The residents were up early today all along the 2200 block of East Biddle Street, wielding brooms and garden hoses as they tried to polish away some of the drabness of this neighborhood of row houses in east Baltimore.
Lavinia B. Tankard was among them, pushing the dust from the front steps of her home. "You know how it is when you have company coming," she said. "You do a little extra."
The company coming to East Biddle Street, in this case, is President Carter.
Shortly before 9 o'clock Tuesday morning, a motorcade carrying Carter, Baltimore Mayor William Donald Schaefer and a covey of federal and state officials will drive past Tankard's row house and stop at the end of the block, in front of the home of a 30-year-old city clerk named Genitha Rhyne.

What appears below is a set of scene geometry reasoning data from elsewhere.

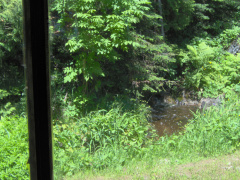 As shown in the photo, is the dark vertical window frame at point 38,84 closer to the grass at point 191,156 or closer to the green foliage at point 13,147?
the green foliage at point 13,147

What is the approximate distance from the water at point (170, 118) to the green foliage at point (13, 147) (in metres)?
3.05

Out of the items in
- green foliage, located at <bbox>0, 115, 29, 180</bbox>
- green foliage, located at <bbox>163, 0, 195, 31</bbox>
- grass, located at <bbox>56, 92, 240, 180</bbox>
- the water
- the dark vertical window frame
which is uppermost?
green foliage, located at <bbox>163, 0, 195, 31</bbox>

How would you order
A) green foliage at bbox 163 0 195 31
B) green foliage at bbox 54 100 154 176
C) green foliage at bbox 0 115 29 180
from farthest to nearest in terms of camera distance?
green foliage at bbox 163 0 195 31 → green foliage at bbox 54 100 154 176 → green foliage at bbox 0 115 29 180

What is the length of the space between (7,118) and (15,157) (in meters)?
0.48

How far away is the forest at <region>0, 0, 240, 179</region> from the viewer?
1.10 m

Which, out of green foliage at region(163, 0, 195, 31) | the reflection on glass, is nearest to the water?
green foliage at region(163, 0, 195, 31)

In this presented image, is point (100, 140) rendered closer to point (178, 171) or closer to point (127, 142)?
point (127, 142)

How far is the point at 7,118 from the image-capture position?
1.11 metres

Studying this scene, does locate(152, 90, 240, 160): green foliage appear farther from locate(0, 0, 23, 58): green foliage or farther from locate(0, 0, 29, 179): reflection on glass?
locate(0, 0, 23, 58): green foliage

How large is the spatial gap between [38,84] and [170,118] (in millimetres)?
4755

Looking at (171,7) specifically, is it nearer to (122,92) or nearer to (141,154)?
(122,92)

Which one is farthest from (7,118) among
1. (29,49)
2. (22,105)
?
(29,49)

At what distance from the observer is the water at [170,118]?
459 centimetres

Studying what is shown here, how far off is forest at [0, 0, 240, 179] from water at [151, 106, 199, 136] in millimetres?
358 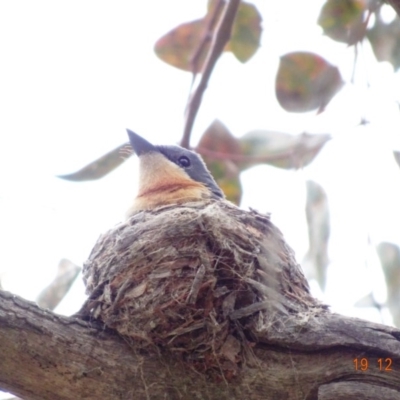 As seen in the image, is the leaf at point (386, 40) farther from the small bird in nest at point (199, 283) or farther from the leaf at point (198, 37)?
the small bird in nest at point (199, 283)

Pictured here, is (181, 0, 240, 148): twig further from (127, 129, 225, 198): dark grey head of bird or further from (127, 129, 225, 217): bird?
(127, 129, 225, 198): dark grey head of bird

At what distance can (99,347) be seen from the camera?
244 cm

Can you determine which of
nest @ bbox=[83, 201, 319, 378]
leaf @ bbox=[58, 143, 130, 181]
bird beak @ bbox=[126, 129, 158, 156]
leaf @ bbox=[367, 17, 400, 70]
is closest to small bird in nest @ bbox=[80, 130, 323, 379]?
nest @ bbox=[83, 201, 319, 378]

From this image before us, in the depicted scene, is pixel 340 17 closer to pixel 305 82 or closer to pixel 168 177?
pixel 305 82

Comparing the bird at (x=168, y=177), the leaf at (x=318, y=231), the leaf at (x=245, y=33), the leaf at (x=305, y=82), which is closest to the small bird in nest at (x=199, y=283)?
the leaf at (x=318, y=231)

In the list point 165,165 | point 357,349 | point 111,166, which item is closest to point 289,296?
point 357,349

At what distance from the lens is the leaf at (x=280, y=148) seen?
3.11 meters

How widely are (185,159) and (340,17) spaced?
1.68 metres

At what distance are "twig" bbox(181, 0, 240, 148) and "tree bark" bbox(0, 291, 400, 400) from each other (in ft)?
5.82

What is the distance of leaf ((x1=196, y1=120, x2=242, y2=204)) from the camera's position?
4066 millimetres

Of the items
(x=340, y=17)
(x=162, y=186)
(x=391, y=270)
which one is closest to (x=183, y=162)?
(x=162, y=186)

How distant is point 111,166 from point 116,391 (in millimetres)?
1914

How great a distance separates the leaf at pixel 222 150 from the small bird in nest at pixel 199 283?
2.38ft

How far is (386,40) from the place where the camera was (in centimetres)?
340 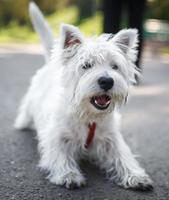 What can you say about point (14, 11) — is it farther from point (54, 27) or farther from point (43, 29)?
point (43, 29)

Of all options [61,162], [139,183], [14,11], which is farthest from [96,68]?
[14,11]

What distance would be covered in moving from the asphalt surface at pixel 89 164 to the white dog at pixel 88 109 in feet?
0.40

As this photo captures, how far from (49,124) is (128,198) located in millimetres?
1151

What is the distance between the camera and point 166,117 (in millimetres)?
7648

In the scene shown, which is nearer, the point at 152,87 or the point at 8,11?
the point at 152,87

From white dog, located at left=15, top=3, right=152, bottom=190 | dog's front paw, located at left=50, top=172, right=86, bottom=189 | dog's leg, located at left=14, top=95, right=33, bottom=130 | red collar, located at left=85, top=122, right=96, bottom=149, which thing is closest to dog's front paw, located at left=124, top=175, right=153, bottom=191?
white dog, located at left=15, top=3, right=152, bottom=190

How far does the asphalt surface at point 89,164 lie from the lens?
4.13 m

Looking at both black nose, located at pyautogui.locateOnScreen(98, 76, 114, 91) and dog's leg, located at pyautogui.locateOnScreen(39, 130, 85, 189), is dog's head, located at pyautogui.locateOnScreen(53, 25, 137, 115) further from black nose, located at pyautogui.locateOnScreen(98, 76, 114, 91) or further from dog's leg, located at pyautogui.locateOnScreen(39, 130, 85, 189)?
dog's leg, located at pyautogui.locateOnScreen(39, 130, 85, 189)

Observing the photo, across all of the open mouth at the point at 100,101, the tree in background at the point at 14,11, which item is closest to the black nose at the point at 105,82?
the open mouth at the point at 100,101

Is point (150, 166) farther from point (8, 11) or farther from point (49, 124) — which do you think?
point (8, 11)

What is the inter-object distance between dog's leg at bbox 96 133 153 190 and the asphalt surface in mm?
78

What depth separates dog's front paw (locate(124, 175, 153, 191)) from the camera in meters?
4.27

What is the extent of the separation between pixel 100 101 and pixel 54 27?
21003 millimetres

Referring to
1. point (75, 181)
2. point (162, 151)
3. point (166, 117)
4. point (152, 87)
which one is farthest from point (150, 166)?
point (152, 87) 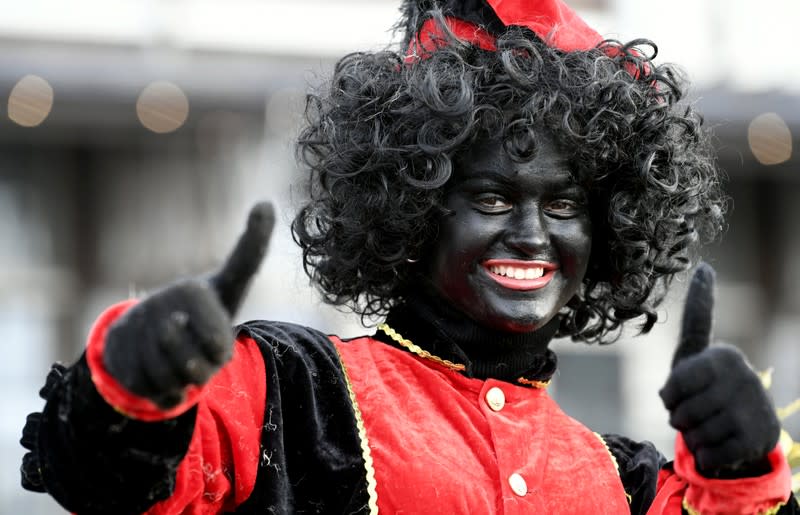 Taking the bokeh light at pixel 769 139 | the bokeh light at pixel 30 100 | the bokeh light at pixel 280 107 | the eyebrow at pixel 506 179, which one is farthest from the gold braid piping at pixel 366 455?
the bokeh light at pixel 769 139

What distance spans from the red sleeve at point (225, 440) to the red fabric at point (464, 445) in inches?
7.5

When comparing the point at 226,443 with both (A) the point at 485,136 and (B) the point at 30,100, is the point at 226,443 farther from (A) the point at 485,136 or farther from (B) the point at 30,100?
(B) the point at 30,100

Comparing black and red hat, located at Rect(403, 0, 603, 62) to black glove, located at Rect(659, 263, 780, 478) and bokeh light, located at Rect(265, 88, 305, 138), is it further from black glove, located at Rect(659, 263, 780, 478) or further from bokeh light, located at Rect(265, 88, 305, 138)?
bokeh light, located at Rect(265, 88, 305, 138)

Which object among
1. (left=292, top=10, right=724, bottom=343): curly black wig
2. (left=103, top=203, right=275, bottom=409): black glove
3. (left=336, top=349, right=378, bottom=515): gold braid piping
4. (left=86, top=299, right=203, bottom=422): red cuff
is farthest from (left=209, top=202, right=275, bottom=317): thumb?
(left=292, top=10, right=724, bottom=343): curly black wig

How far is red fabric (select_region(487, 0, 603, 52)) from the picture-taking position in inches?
80.5

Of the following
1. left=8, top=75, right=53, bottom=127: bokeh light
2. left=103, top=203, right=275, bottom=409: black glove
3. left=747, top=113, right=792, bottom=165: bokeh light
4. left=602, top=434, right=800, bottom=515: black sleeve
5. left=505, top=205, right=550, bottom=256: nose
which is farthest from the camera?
left=747, top=113, right=792, bottom=165: bokeh light

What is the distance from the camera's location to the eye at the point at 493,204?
190 cm

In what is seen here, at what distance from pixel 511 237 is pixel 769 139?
5564mm

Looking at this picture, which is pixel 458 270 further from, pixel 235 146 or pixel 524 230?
pixel 235 146

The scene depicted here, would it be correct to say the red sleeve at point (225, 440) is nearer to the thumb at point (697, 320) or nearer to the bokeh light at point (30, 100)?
the thumb at point (697, 320)

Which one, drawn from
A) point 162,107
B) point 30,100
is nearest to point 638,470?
point 162,107

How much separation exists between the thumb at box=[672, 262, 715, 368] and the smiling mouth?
43 cm

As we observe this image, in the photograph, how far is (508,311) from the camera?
74.1 inches

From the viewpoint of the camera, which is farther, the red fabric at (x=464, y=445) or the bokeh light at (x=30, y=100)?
the bokeh light at (x=30, y=100) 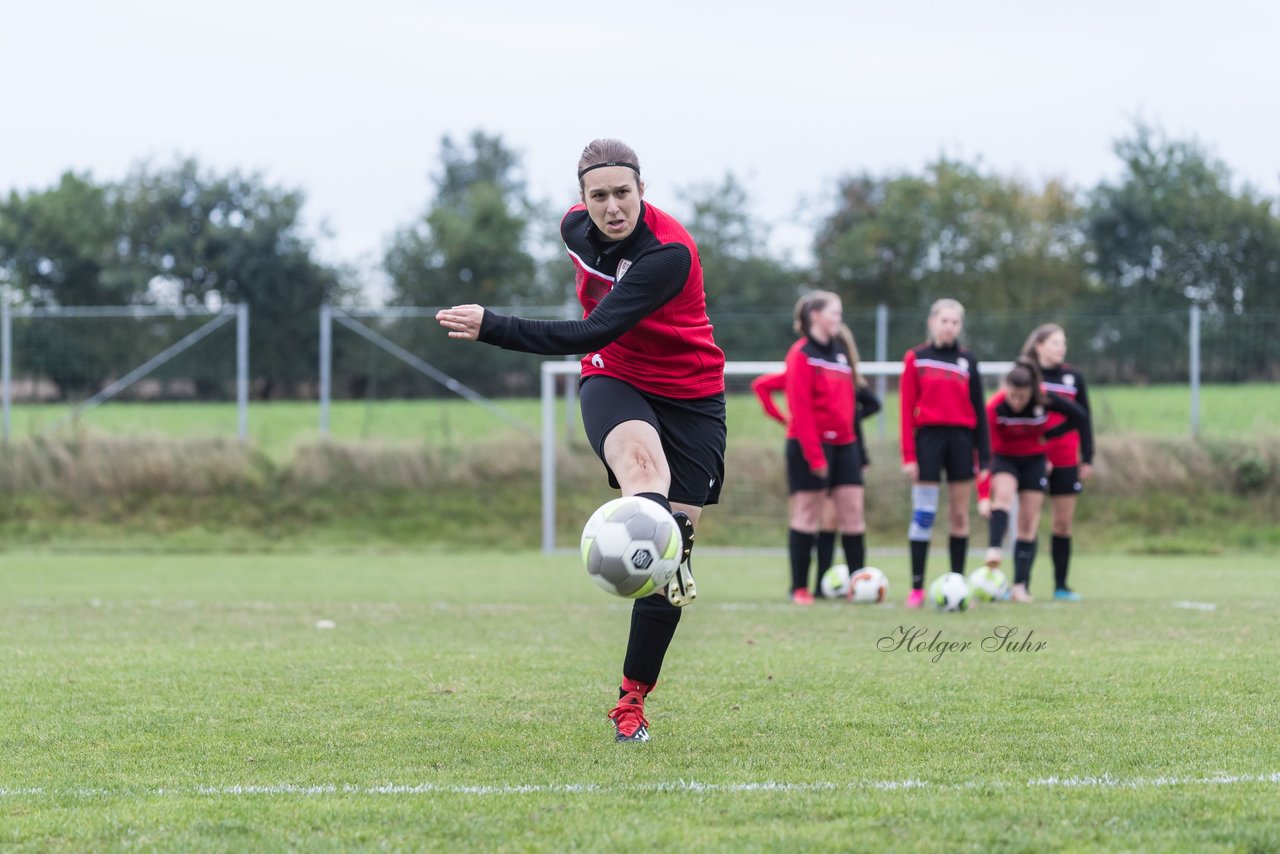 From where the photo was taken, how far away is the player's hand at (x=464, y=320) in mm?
4348

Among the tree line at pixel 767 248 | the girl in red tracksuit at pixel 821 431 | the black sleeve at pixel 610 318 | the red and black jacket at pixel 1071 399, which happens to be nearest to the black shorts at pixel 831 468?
the girl in red tracksuit at pixel 821 431

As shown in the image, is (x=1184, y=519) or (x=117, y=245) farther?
(x=117, y=245)

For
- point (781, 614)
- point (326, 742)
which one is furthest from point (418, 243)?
point (326, 742)

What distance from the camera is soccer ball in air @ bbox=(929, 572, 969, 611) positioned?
8805mm

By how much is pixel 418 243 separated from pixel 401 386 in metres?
14.5

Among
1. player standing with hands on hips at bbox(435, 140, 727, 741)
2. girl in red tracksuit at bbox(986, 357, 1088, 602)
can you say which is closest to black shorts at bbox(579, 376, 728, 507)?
player standing with hands on hips at bbox(435, 140, 727, 741)

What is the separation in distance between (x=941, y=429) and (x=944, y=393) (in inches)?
9.7

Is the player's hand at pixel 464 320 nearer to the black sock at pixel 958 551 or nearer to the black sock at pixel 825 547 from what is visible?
the black sock at pixel 958 551

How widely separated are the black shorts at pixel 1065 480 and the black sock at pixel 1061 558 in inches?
13.7

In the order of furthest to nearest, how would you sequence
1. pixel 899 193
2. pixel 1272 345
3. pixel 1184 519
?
pixel 899 193
pixel 1272 345
pixel 1184 519

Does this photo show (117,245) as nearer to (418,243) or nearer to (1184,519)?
(418,243)

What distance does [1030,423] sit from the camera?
10047 mm

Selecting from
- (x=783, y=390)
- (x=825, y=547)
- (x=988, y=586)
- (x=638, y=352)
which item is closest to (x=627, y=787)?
(x=638, y=352)

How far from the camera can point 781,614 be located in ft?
28.8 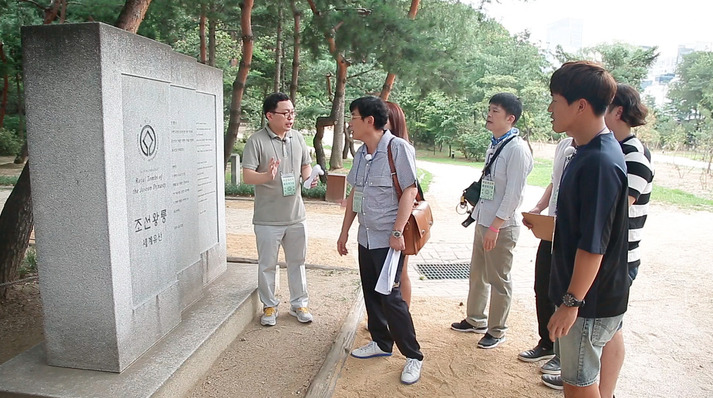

The stop at Rhyne's peach-colored home, which is equipped with solar-heated water, is part of a hop-scotching half-day tour that will take the president and his entourage from Ft. McHenry on the Baltimore harbor to downtown Baltimore and the biennial national convention of the Sons of Italy.
It has been less than a week since the city first learned of the Carter visit, and for the last few frenetic days the town that styles itself the Queen of the Patapsco has been busy preening for the occasion.
In some cases, the preparations have taken a toll.
Early this afternoon, a hollow-eyed Rhyne listened to the sound of one more knock on her front door and wearily got up to open it. Then she smiled politely at the latest in a parade of news people who had started coming through her home at nine in the morning.
"I was really shocked and surpirsed when I first heard [about the Presidential trip]," she said. "It isn't every day the president comes to visit your home.... It was like a dream at first." But the surpirse had long since gone out of her voice.
A woman from the White House's advance staff walked through the living room, smiled at Rhyne and said: "Is it okay if I go upstairs, Genitha?"
"Sure," Rhyne replied, getting up from her couch again to answer the door and let a network cameraman inside.
Outside, two young neighbors, flushed with the knowledge of their new celebrity, were busily engaged in a media one-upmanship contest. "I got on Channel 2 and Channel 11," said one boy. "Yeah, well, me too, I got on all of them," his friend replied.
Rhyne closed the door and moved back inside. "I'm beginning to sound like a broken record," she lamented. Then, once again, she offered her vital statistics: She earns $176 a week; she moved into 2251 E. Biddle in March and she first heard about the president's visit Thursday night when she got home from work.
"Before I left work Thursday, Mr. Branch [Van Story Branch, head of the city's public housing program, which rents Rhyne her home for $165 a month] told me some people from the mayor's office were going to be coming by and something exciting was going to be happening."
When she got home that day, her visitors told her "that the president was coming to visit my house."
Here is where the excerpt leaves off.